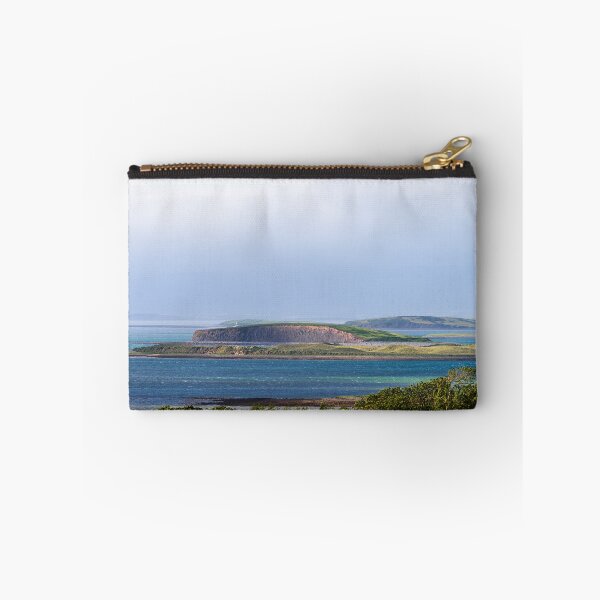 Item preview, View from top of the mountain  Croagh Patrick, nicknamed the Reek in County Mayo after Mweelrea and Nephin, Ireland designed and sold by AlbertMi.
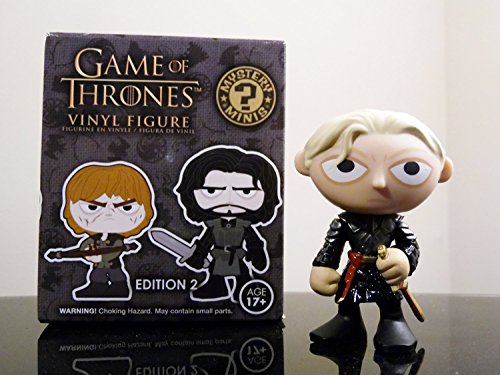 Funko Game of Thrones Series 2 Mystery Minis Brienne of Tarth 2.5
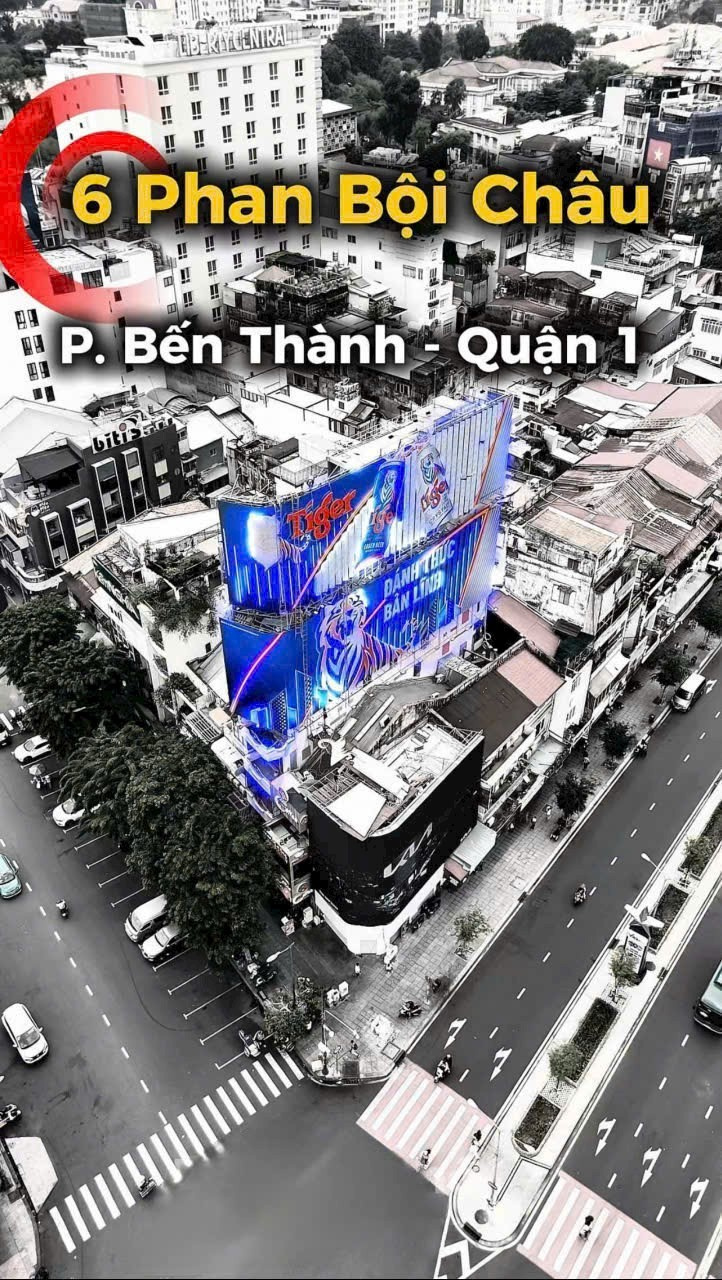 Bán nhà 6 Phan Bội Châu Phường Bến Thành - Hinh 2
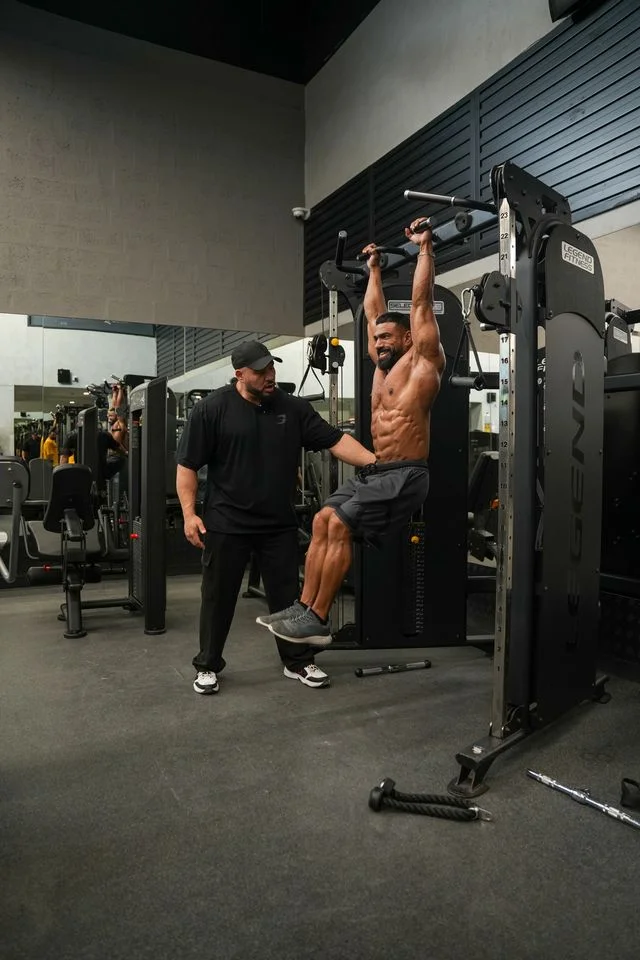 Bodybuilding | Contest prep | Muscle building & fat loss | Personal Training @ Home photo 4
****
Provide a precise transcription of the listing, excluding each picture.

> _The answer_:
 Item preview, View from top of the mountain  Croagh Patrick, nicknamed the Reek in County Mayo after Mweelrea and Nephin, Ireland designed and sold by AlbertMi.
 Funko Game of Thrones Series 2 Mystery Minis Brienne of Tarth 2.5
 Bán nhà 6 Phan Bội Châu Phường Bến Thành - Hinh 2
 Bodybuilding | Contest prep | Muscle building & fat loss | Personal Training @ Home photo 4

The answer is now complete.